Common Voice – Mozilla's initiative to help teach machines how real people speak

gok · on Oct 17, 2019

The goal of making a large, publicly available training corpus for ASR is incredibly admirable, but this approach is problematic. People speak entirely differently when reading from a script. Models trained on read speech (like LibriSpeech) generally don't perform well on spontaneous speech test sets (like Switchboard). Transcribing speech that was read from a script isn't a particularly interesting problem.

This effort would be more interesting if it could collect speech data in a more specific domain, like web search queries.

lunixbochs · on Oct 17, 2019

I have many general English speech recognition models for wav2letter trained on ~3000 hours of non-switchboard audio including 1k from Common Voice, and on several datasets I have collected or found myself.

Common Voice has optional fields for age and accent in the dataset, but I don't use them.

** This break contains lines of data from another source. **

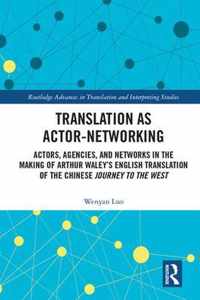 Translation as Actor-Networking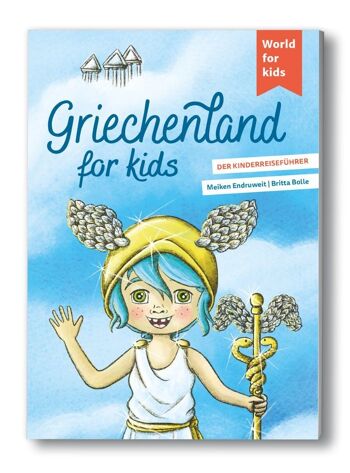 La Grèce pour les enfants - Guide de voyage pour les enfants 1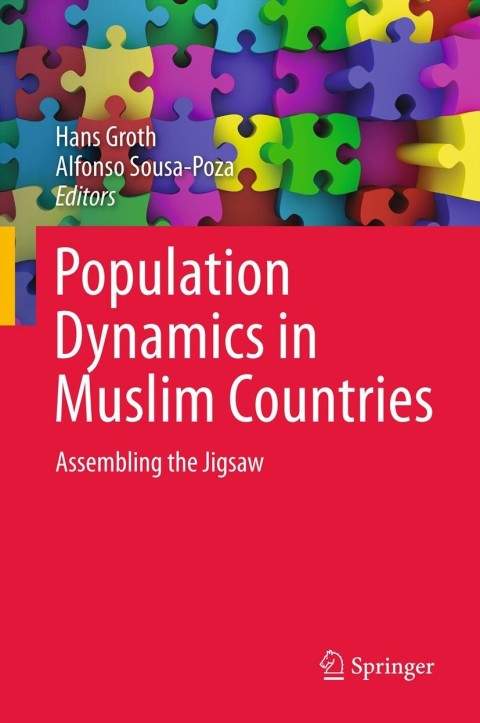 population dynamics in muslim countries assembling the jigsaw 2012 edition michael e. bakich 3642278817,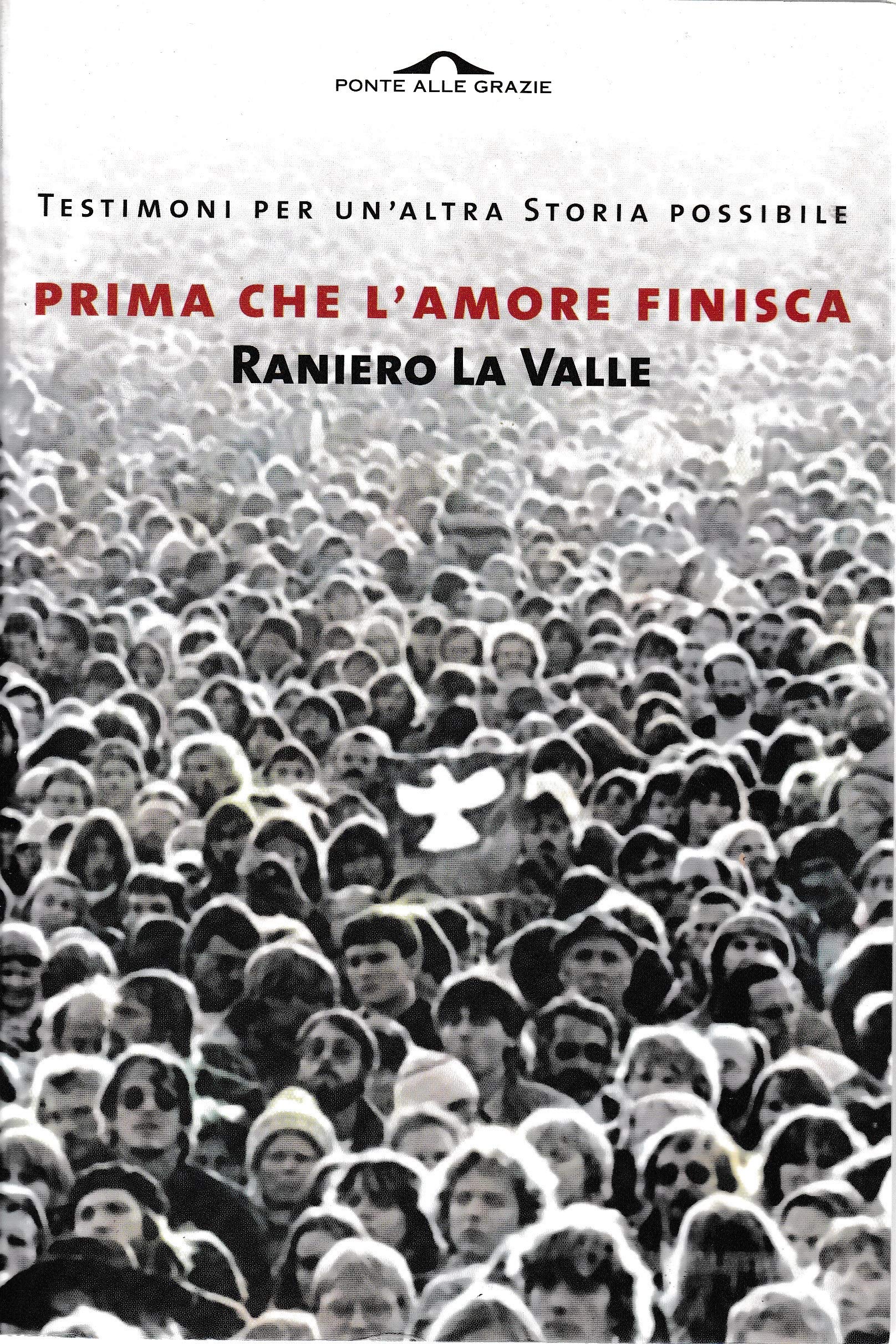 Prima che l'amore finisca. Testimoni per un'altra storia possibile (Saggi) Social Sciences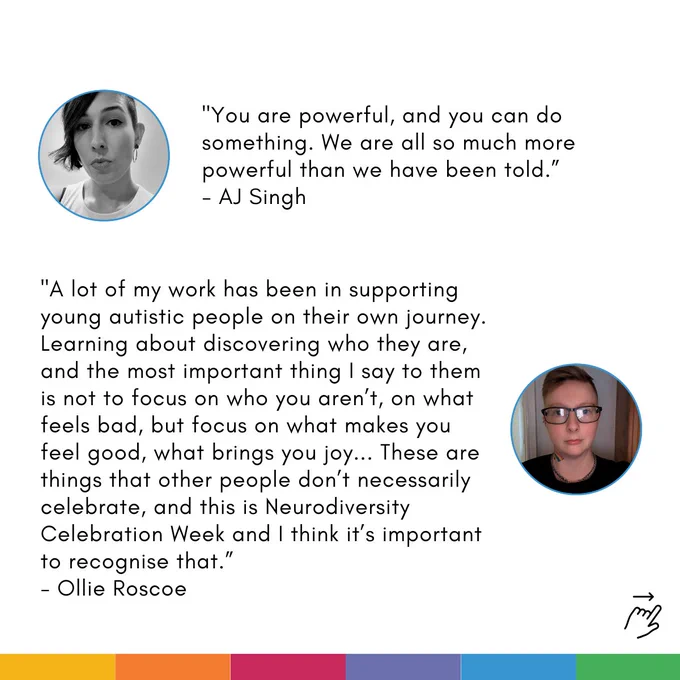 Card with two quotes on. Each quote is accompanied by a profile photo of the speaker: 

First quote: "You are powerful, and you can do something. We are all so much more powerful than we have been told.”
- AJ Singh 

Second quote: "A lot of my work has been in supporting young autistic people on their own journey. Learning about discovering who they are, and the most important thing I say to them is not to focus on who you aren’t, on what feels bad, but focus on what makes you feel good, what brings you joy... These are things that other people don’t necessarily celebrate, and this is Neurodiversity Celebration Week and I think it’s important to recognise that.”
- Ollie Roscoe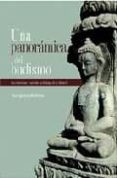 una panoramica del budismo: su doctrina y sus metodos a lo llargo de la historia-bhikshu sangharakshita-9788496478107 una panoramica del budismo: su doctrina y sus metodos a lo llargo de la historia-bhikshu sangharakshita-9788496478107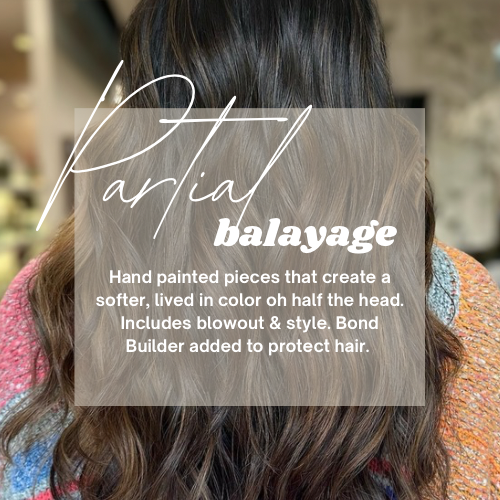 Partial Balayage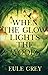 When the Glow Lights the Woods by Eule Grey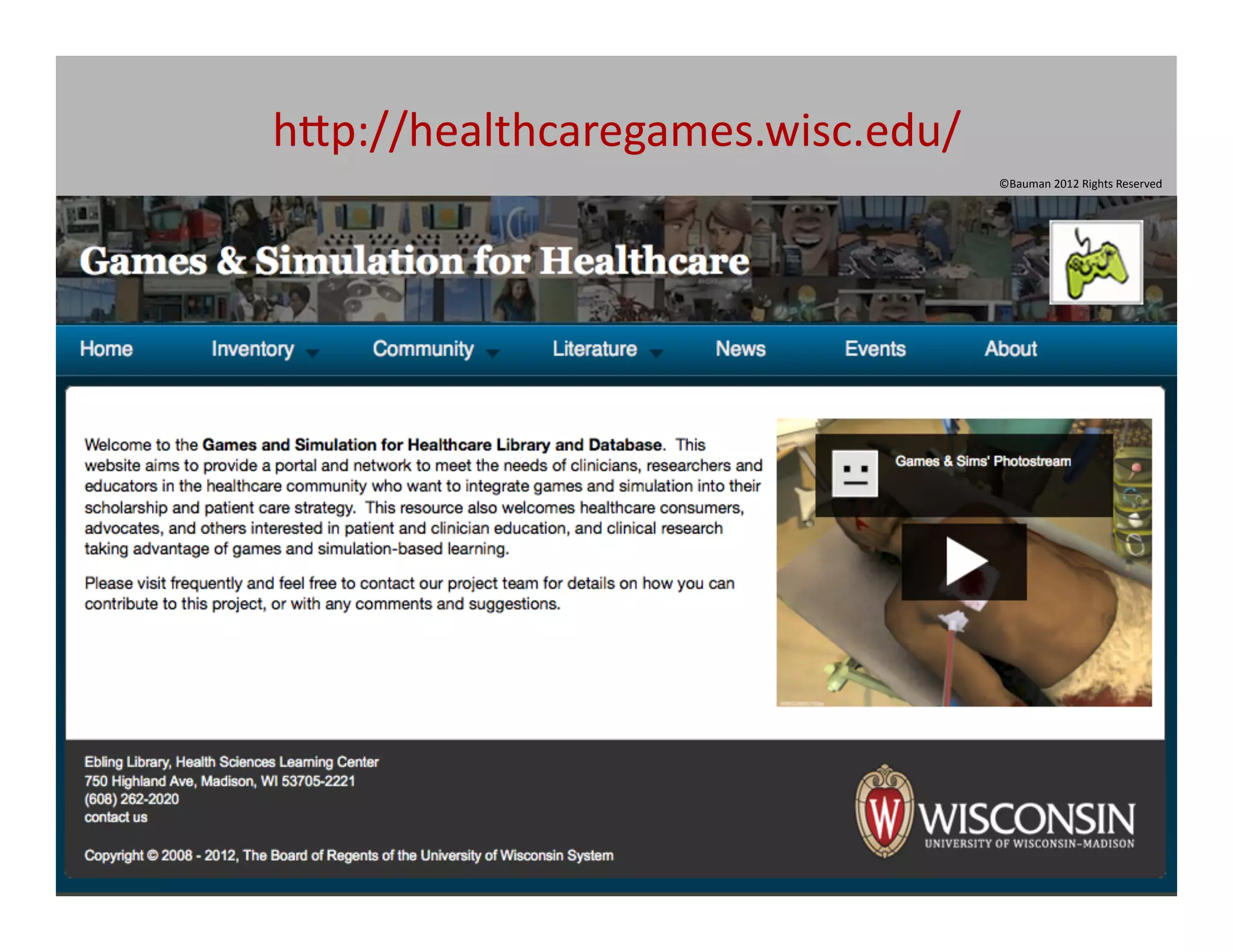 h[p://healthcaregames.wisc.edu/	
  
                                      ©Bauman	
  2012	
  Rights	
  Reserved	
  
 
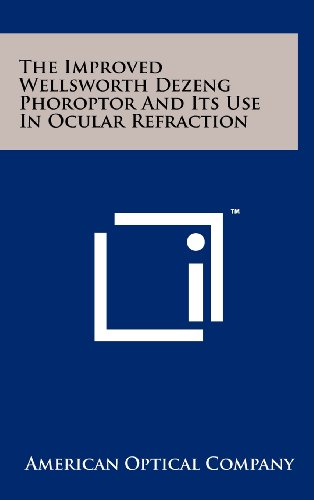 9781258259297: The Improved Wellsworth Dezeng Phoroptor and Its Use in Ocular Refraction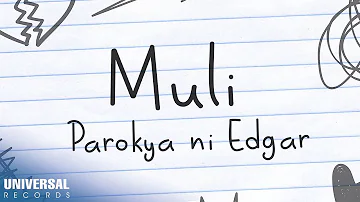 Parokya ni Edgar - Muli (Official Lyric Video)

I just toss everything into a single bin.

I've had users with many accents (including e.g. thick UK, India, Germany), report that my 3k hour model including Common Voice performed significantly better for their accent than a librispeech-only model, and also much better than the older macOS speech recognition English models. (And how a model feels for a user in the real world is something you can't really get by just testing against switchboard)

I can't afford switchboard, so I'm very glad that datasets like Common Voice, librispeech, and TED-LIUM exist. I hope at some point I can get the model running in a website, it really does feel pretty good to use.

For Talon we developed a custom speech collection site, that has a lot of prompts we control: https://speech.talonvoice.com - I tried it out with the TIMIT prompt list initially, but right now I'm recording dense command-like speech, which I've found some of my more experienced users are able to say naturally/quickly, not like they're reading from a prompt.

I don't have a separate verification process, because I've had a lot of success with a process that automatically prunes inputs that "obviously make the model much worse". The site is basically designed to record as fast as possible, with keyboard shortcuts to go to the next item and start/stop recording so you can almost record nonstop, which ends up being slightly less forced than just reading one sentence.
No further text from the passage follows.